Options Traders Blow Netflix Stock After Earnings Pullback

The streaming giant reported weaker-than-expected quarterly subscriber growth

Netflix Inc. (NASDAQ: NFLX) is in the hot seat this morning, despite a better than expected publication fourth quarter results and income. What’s hurting the business, instead, is weaker-than-expected quarterly subscriber growth, fueling fears that the streaming services’ years of major growth are coming to an end. At last check, the stock is down 23.3% to trade at $389.60, triggering yet another technology clearance sale.

This update is not suitable for the brokerage group, which sounds with a multitude of bear notes. The shares received at least five downgrades, including one to ‘hold’ to ‘buy’ at Truist Securities, and no less than 15 price target cuts, with MoffettNathanson lowering his price target to $375 from 460 $.

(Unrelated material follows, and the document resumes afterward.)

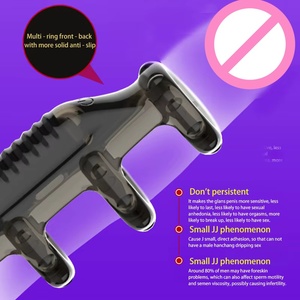 Anillo Vibrador Antideslizante 100% Impermeable con Bloqueo de Esperma, 100g, para Uso Masculino, Producto para <span class=keywords><strong>Adultos</strong></span> - Product Image 3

This marks a radical shift in sentiment. Today, 21 of 27 analysts covering NFLX called it “buy” or better, while only six said “hold” or worse. Additionally, the 12-month consensus target price of $568.13 represents a 46.7% premium to the stock’s current levels.

Today’s huge bearish gap has Netflix shares trading at their lowest level since April 2020. Shares have fallen since hitting an all-time high of $700.98 on November 17, and earlier this month they lost long-standing 320-day support. moving average. Year over year, NFLX lost 32.1%.

Options traders are also blasting security today. So far, 72,000 calls and 88,000 puts have been traded, 14 times what is typically seen at this point. The most popular is the January 400 put, followed by the 400 call in the same monthly series, with new positions being opened on the latter.